A lifelong jazz clarinetist, he has been a member of the non-profit society Universal Jazz Advocates and Mentors (U-JAM) for many years. Gough was 2012 president, performed 22 June 2014 at the TD Victoria International JazzFest, and continues to mentor.

Awards and medals
Barry Gough and his writings have received honours, awards and prizes in the United States, the U.K., Spain and Canada.

The British Maritime Foundation announced in November 2015 that Pax Britannica: Ruling the Waves and Keeping the Peace before Armageddon won the Mountbatten Literary Award 2015 for best literary contribution to the understanding of the importance of the seas. "I've always felt the seas were blindsided in the writing of Canadian history, and I have made it my own particular calling to turn that around," Gough said in 1994.

The highest award bestowed by the Washington State Historical Society, the Robert Gray Medal for lifetime achievement, was given to Gough in September 2016.

On behalf of the Naval Association of Canada, Dr.
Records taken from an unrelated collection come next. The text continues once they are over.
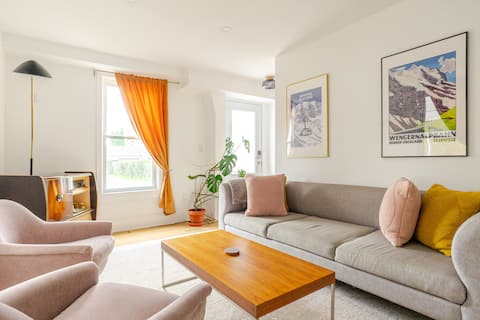Successful Airbnb property: Quiet & Stylish Suite in Picton w/ Private Patio in Prince Edward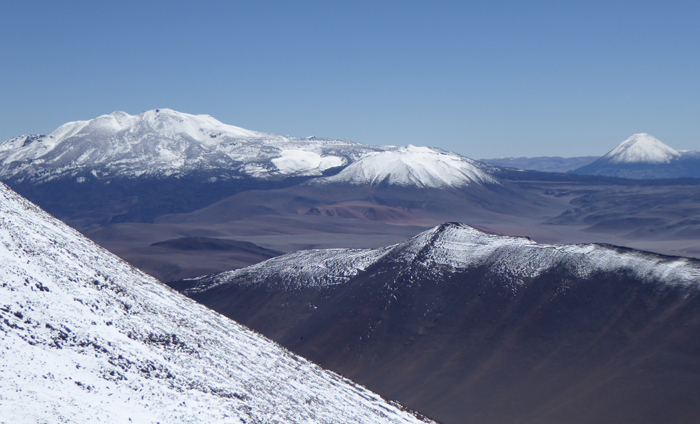 Condor (on the left and Peinado (on the right, from the summit of El Ermitaño. 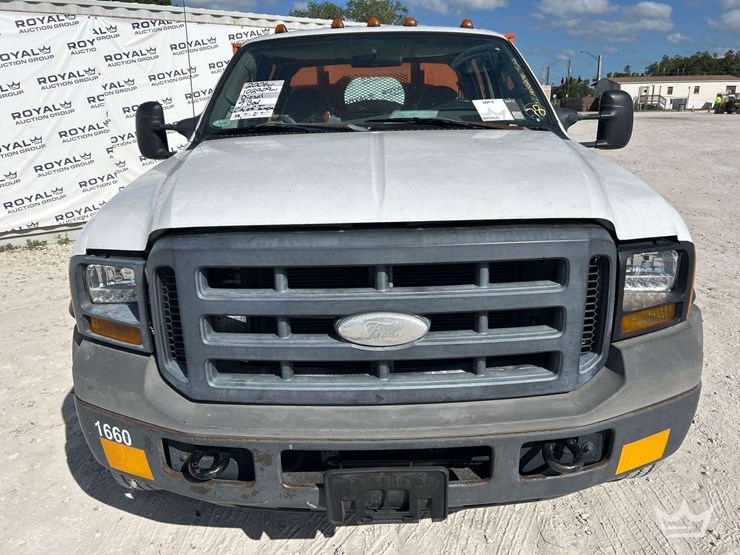 2006-ford-f450-image-30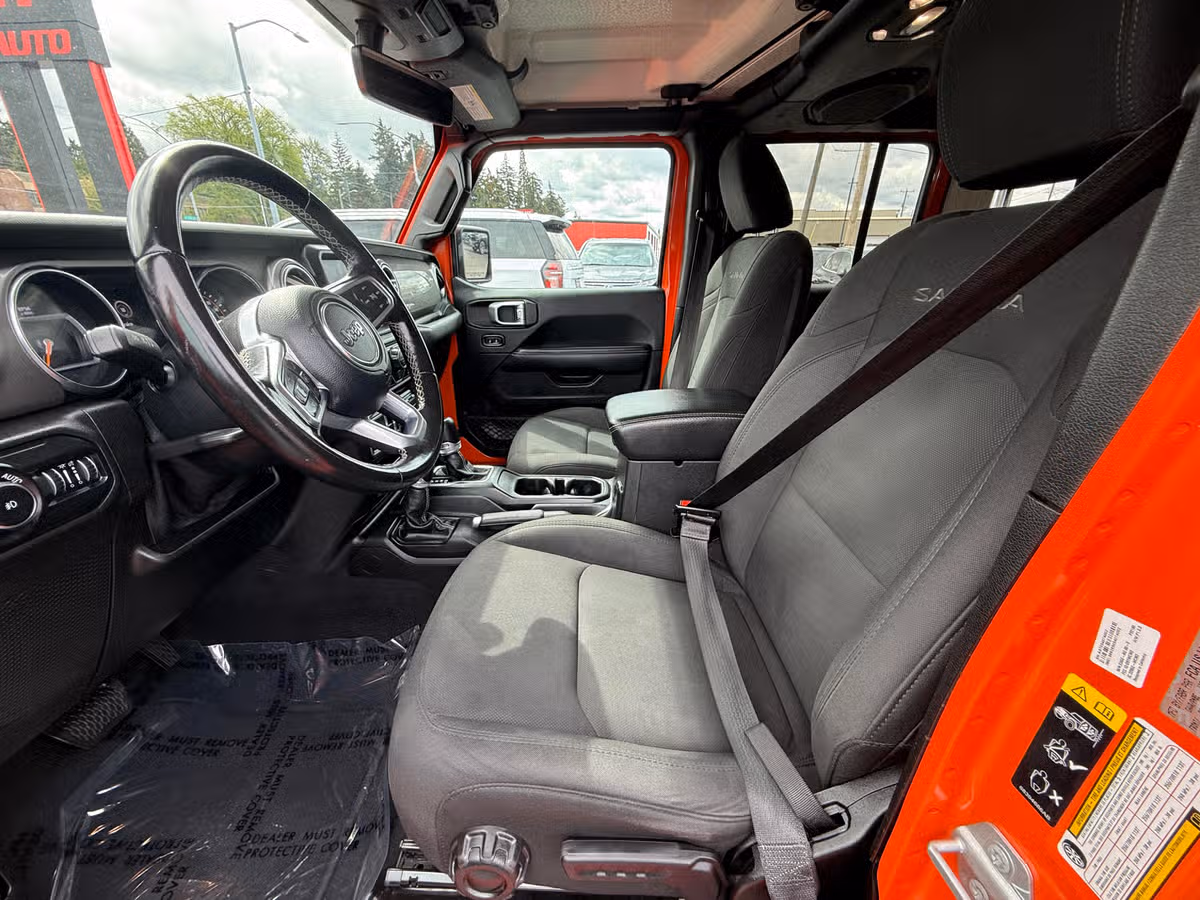 2020 Jeep Wrangler Unlimited Sahara Image 5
Gough, FRHS, was presented with the 2019 Admirals’ Medal by Admiral (retired) John Anderson, RCN. An Admirals’ Medal is bestowed upon individual Canadians in recognition of  their outstanding achievements in the advancement of maritime affairs in Canada. The silver medal was presented at a luncheon of the Vancouver Island branch of the association in recognition of his lifetime achievement as a global maritime and naval historian "through some thirty major volumes and numerous articles, …a body of work which has earned him international acclaim as a Canadian scholar of the highest order."

A life member of the Society for the History of Discoveries, Gough was in November 2019 named a Fellow of the Society "for his many outstanding publications in Canadian and British imperial and naval history; for his fine record of teaching and mentoring students, particularly at Wilfrid Laurier University; and for his contributions to the scholarly community of imperial, international and maritime historians...."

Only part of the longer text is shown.